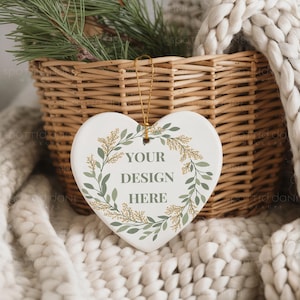 May include: A heart-shaped ceramic ornament with the text "YOUR DESIGN HERE" surrounded by a green and gold botanical wreath. The ornament hangs from a gold string, set against a woven basket and a cozy, off-white blanket.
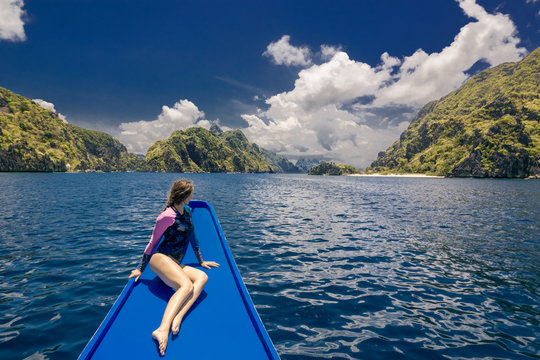 Young woman on the boat and looking forward into lagoon. Travelling tour in Asia: El Nido, Palawan, Philippines.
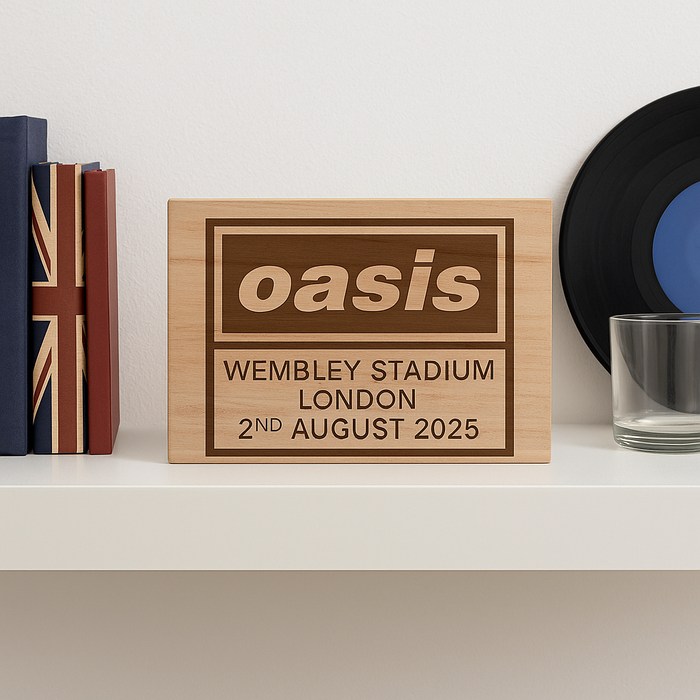 Oasis engraved wooden sign displayed on a white shelf beside books and a vinyl record, creating a modern music-themed home decor se
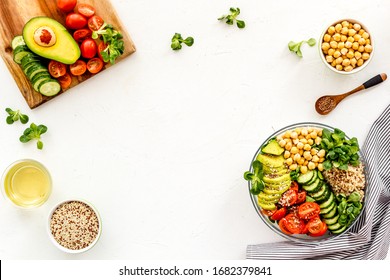 Quinoa, Avocado And Chickpeas In Bowl In Hands - Balanced Healthy Food - On White Table. Top View Copy Space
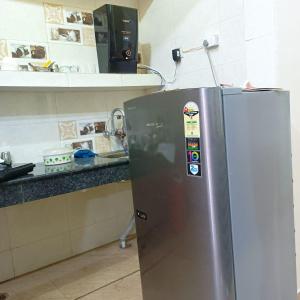 a stainless steel refrigerator in a kitchen at Om Home Stay in Ayodhya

######

▶ _Goal of the exercise_
What is needed is a verbatim copy of the lines from the line with "Young woman on" through the last line of the listing, pictures excluded.

▶ _Written answer_
 Young woman on the boat and looking forward into lagoon. Travelling tour in Asia: El Nido, Palawan, Philippines.
 Oasis engraved wooden sign displayed on a white shelf beside books and a vinyl record, creating a modern music-themed home decor se
 Quinoa, Avocado And Chickpeas In Bowl In Hands - Balanced Healthy Food - On White Table. Top View Copy Space
 a stainless steel refrigerator in a kitchen at Om Home Stay in Ayodhya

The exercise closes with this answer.